## Given data
------------------------------------
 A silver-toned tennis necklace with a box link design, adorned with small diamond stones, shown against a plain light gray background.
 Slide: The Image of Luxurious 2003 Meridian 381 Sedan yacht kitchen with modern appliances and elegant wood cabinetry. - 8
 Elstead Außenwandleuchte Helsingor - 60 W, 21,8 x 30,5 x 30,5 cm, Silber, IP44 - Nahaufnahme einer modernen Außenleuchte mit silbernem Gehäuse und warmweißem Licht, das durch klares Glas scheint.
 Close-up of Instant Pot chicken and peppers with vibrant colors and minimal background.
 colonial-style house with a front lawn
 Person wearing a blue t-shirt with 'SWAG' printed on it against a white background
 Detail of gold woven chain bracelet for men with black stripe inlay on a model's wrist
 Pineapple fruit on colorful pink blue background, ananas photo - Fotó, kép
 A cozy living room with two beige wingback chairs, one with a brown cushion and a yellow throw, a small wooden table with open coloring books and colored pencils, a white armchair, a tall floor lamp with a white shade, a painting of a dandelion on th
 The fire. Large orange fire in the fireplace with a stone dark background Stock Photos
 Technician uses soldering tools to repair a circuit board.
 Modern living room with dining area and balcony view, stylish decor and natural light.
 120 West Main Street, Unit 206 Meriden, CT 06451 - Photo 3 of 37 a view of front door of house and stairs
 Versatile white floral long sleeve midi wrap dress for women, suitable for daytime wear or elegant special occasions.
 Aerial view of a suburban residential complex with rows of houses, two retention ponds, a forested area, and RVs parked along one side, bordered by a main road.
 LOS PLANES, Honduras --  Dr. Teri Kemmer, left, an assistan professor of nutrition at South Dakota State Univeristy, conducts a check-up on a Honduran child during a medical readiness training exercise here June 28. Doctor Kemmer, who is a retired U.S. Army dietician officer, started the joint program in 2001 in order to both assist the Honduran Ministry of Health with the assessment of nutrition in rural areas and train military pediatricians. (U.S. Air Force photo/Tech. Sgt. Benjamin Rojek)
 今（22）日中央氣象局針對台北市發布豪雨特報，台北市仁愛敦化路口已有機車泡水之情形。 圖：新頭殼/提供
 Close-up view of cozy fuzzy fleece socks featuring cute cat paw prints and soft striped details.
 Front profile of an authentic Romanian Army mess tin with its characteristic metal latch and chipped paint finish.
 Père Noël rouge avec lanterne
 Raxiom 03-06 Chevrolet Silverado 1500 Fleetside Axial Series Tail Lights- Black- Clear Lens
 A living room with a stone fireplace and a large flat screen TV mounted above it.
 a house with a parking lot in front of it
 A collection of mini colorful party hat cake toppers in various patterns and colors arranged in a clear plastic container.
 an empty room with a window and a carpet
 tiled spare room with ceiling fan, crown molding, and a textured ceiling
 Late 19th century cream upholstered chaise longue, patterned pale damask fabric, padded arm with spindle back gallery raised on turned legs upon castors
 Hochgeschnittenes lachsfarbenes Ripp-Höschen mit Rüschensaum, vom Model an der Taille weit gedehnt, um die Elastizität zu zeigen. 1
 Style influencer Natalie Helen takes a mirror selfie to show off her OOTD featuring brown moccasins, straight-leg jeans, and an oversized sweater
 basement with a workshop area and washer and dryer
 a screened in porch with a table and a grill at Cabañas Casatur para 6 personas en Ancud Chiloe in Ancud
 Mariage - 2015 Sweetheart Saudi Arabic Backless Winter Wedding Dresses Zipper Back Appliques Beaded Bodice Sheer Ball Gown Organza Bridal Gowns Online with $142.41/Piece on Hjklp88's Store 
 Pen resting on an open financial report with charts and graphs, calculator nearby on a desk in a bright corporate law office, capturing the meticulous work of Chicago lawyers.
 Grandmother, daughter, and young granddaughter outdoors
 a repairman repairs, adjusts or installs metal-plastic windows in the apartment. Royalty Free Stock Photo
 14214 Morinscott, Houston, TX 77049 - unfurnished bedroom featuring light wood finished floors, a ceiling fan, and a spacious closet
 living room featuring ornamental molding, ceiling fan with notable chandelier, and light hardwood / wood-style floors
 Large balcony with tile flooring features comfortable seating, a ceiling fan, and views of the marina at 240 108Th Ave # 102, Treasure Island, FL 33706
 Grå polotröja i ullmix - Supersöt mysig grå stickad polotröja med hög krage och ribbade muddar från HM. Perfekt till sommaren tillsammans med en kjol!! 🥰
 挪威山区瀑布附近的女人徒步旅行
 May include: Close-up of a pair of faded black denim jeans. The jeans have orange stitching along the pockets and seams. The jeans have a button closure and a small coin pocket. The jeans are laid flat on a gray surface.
------------------------------------
## Problem
Only a number is wanted here: how many lines in the entries contain the word "ceiling"?

## Exercise response
4